Technical Problem statement

ES Version: 5.5

ES Index mapping:

{
"my_videos": {
"mappings": {
"doc": {
"properties": {
"createdAt": {
"type": "date"
},
"description": {
"type": "text",
"fields": {
"keyword": {
"type": "keyword",
"ignore_above": 256
}
}
},
"duration": {
"type": "long"
},
"id": {
"type": "text",
"fields": {
"keyword": {
"type": "keyword",
"ignore_above": 256
}
}
},
"lastUpdatedByUserId": {
"type": "text",
"fields": {
"keyword": {
"type": "keyword",
"ignore_above": 256
}
}
},
"name": {
"type": "text",
"fields": {
"keyword": {
"type": "keyword",
"ignore_above": 256
}
}
},
"status": {
"type": "text",
"fields": {
"keyword": {
"type": "keyword",
"ignore_above": 256
}
}
},
"tags": {
"type": "text",
"fields": {
"keyword": {
"type": "keyword",
"ignore_above": 256
}
}
},
"updatedAt": {
"type": "date"
},
"url": {
"type": "text",
"fields": {
"keyword": {
"type": "keyword",
"ignore_above": 256
}
}
}
}
}
}
}
}

We want to apply manual sorting on id field, now let us see how to do this on ES using script based sorting.

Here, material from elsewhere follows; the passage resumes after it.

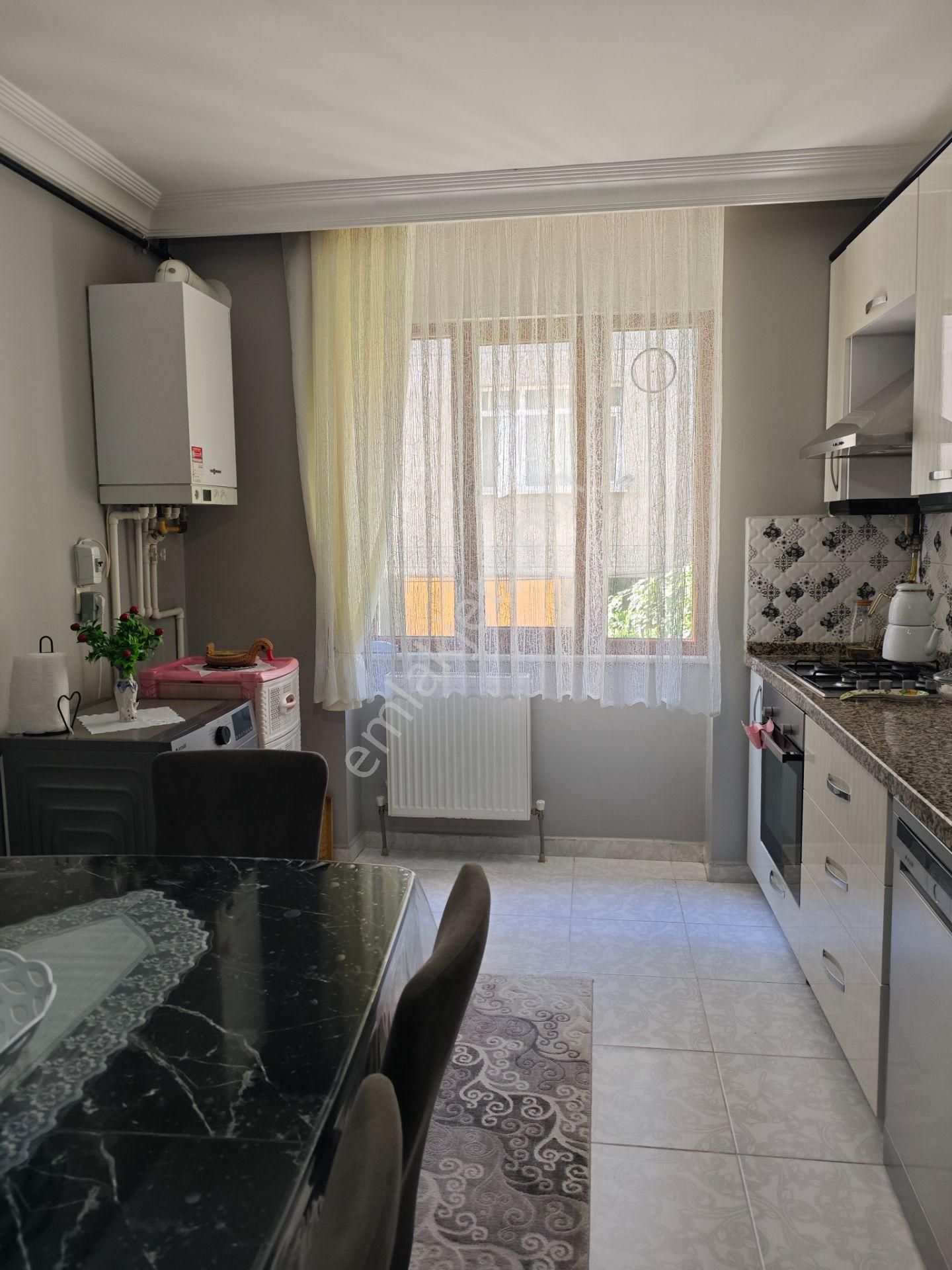 Köşe İsteyenler'e Emsalsiz Önü Açık Köşe Arakat Daire - Görsel 28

Lets dive into implementation

ES Query

GET my_videos/doc/_search
{
"query": {
"bool": {
"should": [{
"match": {
"id.keyword": "01cm7kr0px0tmyzkmsjb55xd3a"
}
},
{
"match": {
"id.keyword": "01cktwwyfnyt9d2nqj9ycwxcme"
}
},
{
"match": {
"id.keyword": "01chyvzv678r1h0y0rx4e4bv8t"
}
}
],
"minimum_should_match": 1
}
},
"sort": [{
"_script": {
"type": "number",
"script": {
"lang": "painless",
"inline": "if(params.scores.containsKey(doc['id.keyword'].value)) { return params.scores[doc['id.keyword'].value];} return 100000;",
"params": {
"scores": {
"01cm7kr0px0tmyzkmsjb55xd3a": 0,
"01cktwwyfnyt9d2nqj9ycwxcme": 1,
"01chyvzv678r1h0y0rx4e4bv8t": 2
}
}
},
"order": "asc"
}
}],
"from": 0,
"size": 10
}

The above query will return the results in the order based on specified scores dictionary/map in _script portion in sort section of the query

The above search query looks very complicated, but don’t worry, I will explain then you will understand easily.

The query section is for matching given ids with existing videos in ES, other than that it is not necessary to understand more about this section.

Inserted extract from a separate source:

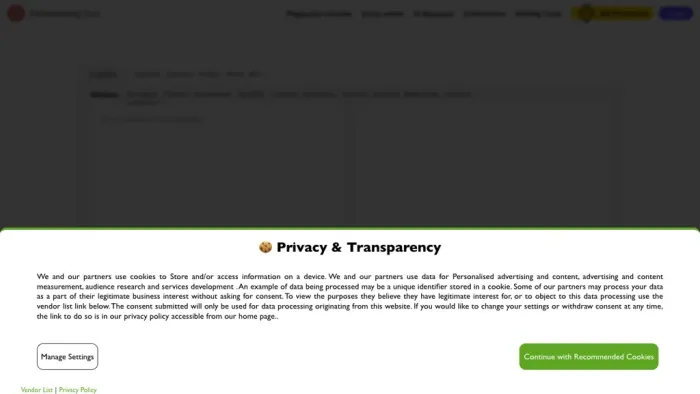 Paraphrasingtool.ai Paraphrasingtool.ai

The sort section we need to understand in detail as that the main focus point this blog. In order to use script based sorting we need to use _script as identifier to tell ES that we want to run the script while sorting the results. We need to specify type field as shown in above query in _script portion to indicate that what is the returning element type, we are returning integer scores here so we have used number as type. The order field is self explanatory, it is the order in which you want sort to happen. The script field contains lang to indicate the language of script, params is contains data that we want to pass to script and inline contains actual code that gets executed on each item to compute the score. Make sure to put validations inside code block else ES will throw failures. So essentially we are hardcoding the scores for each ids in params.scores and using inside inline code block to return these scores for matching ids inside the documents. params.scores can be renamed to anything we want, like params.scoring etc.

Script based sorting is not just limited to this use case but it can also be used for various other use cases.

Also we can include multiple _script portions inside sort section in following way.

{
"sort": [{
"_script": {
...
}
},
{
"_script": {
...
}
}
]
}

Conclusion

We have understood how to use script based sorting in ElasticSearch and most importantly we know how to implement manual sort in ES. Please note latest versions of ES inline field is replaced with source. Try this and let me know if you have faced any issues in implementing this.